EXERCISE DESCRIPTION:
Exactly as they appear, please output the lines from the one with "Pyrrhuloxia" through the end of the material, without pictures.

DATA EXCERPT:
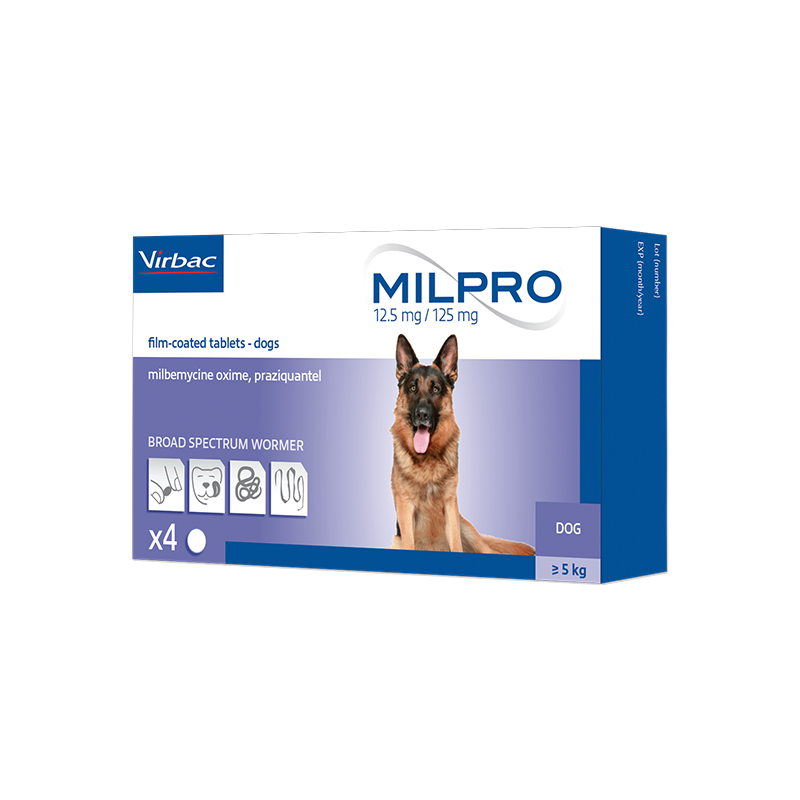 Milpro dog 12.5 mg/125 mg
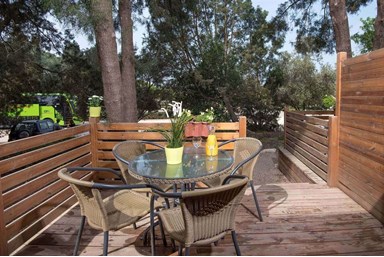 קיבוץ דליה, זהר בדשא - יחידות רגבים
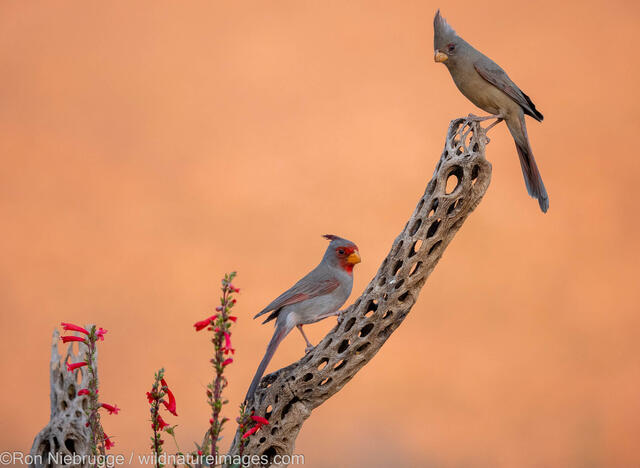 Pyrrhuloxia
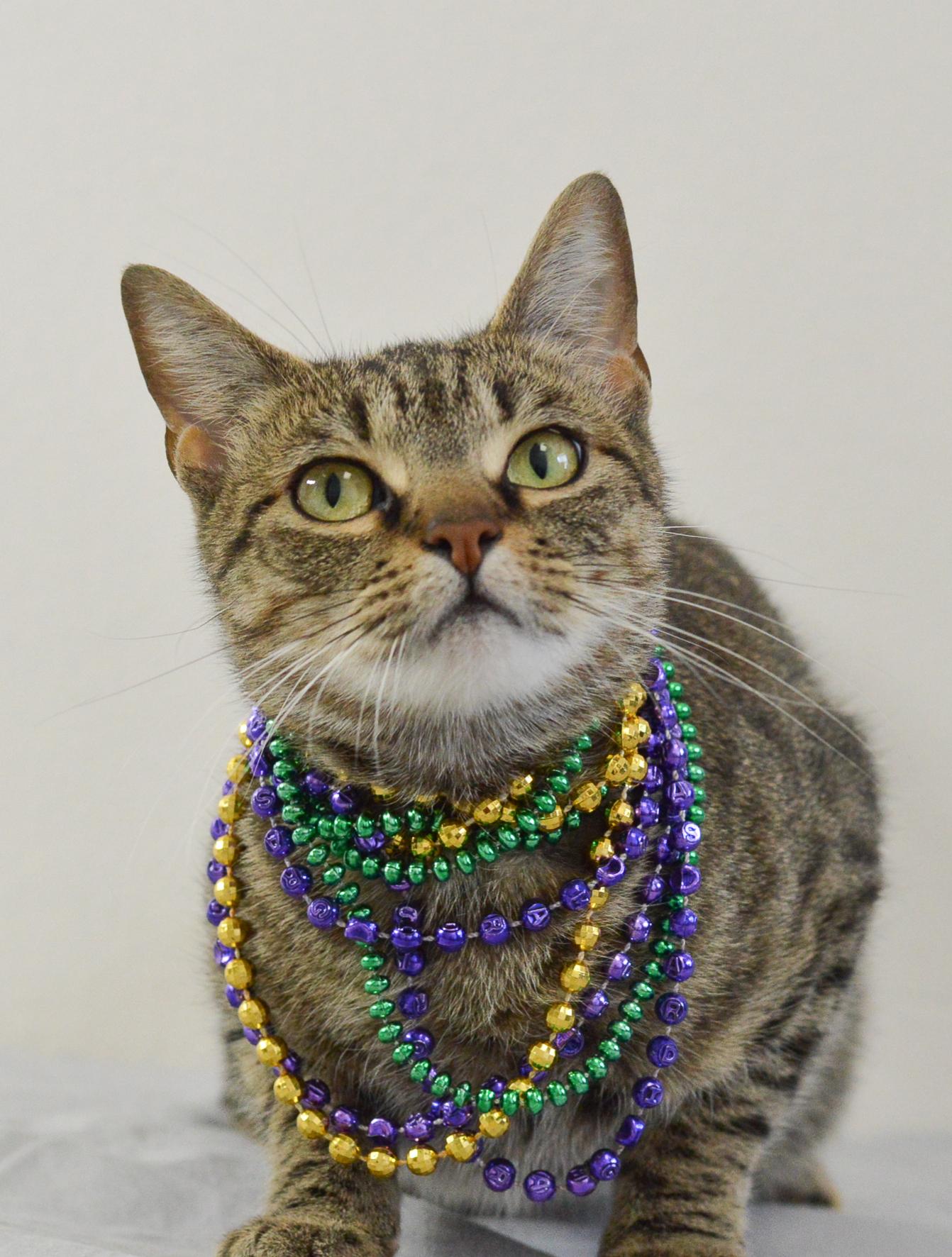 Enlarge Marble, a Adoptable Domestic Short Hair in Plano, TX image 4/5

SOLUTION TO THE PROBLEM:
 Pyrrhuloxia
 Enlarge Marble, a Adoptable Domestic Short Hair in Plano, TX image 4/5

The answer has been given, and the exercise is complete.